→ WORK INSTRUCTION
In the listing below, find the line with "New Mens Gothic" and the line with "Rio de Janeiro, Brazil", then return them and every line between them exactly, minus the pictures.

═══ RECORDS FOR THIS TASK

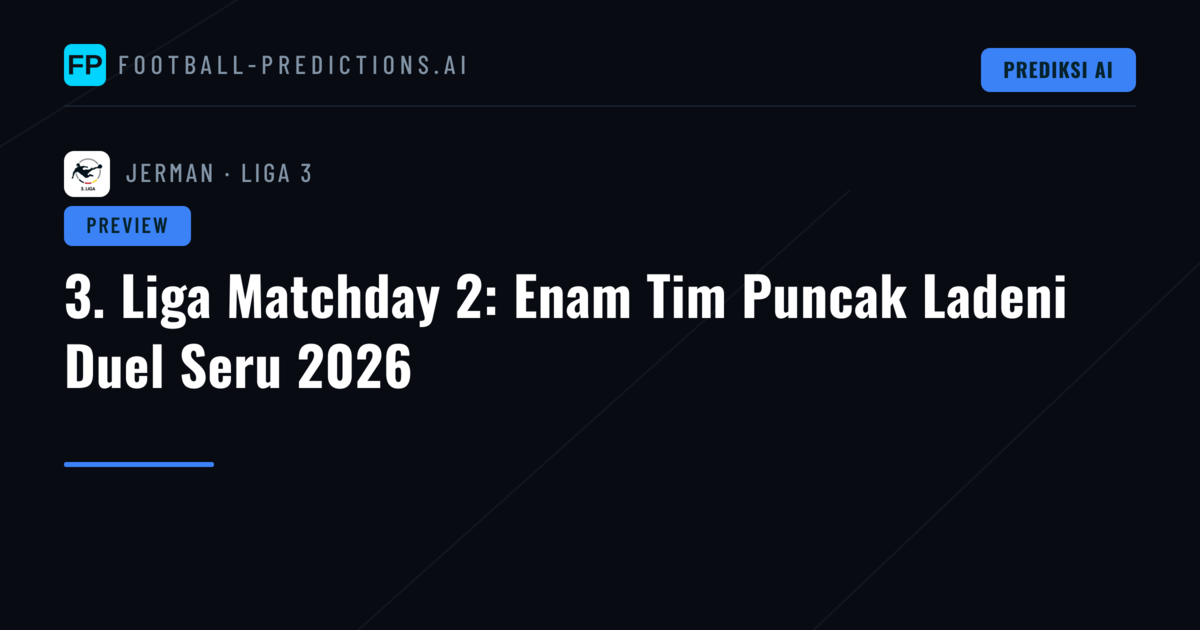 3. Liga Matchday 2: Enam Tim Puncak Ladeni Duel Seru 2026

══════
═══ RECORDS FOR THIS TASK

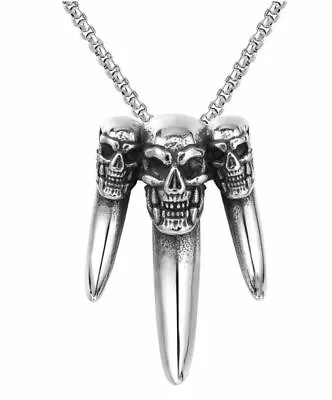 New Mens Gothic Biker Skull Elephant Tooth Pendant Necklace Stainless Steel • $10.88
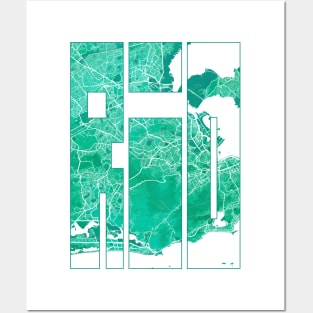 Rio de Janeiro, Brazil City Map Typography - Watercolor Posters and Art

══════

→ REPLY TO THE TASK
 New Mens Gothic Biker Skull Elephant Tooth Pendant Necklace Stainless Steel • $10.88
 Rio de Janeiro, Brazil City Map Typography - Watercolor Posters and Art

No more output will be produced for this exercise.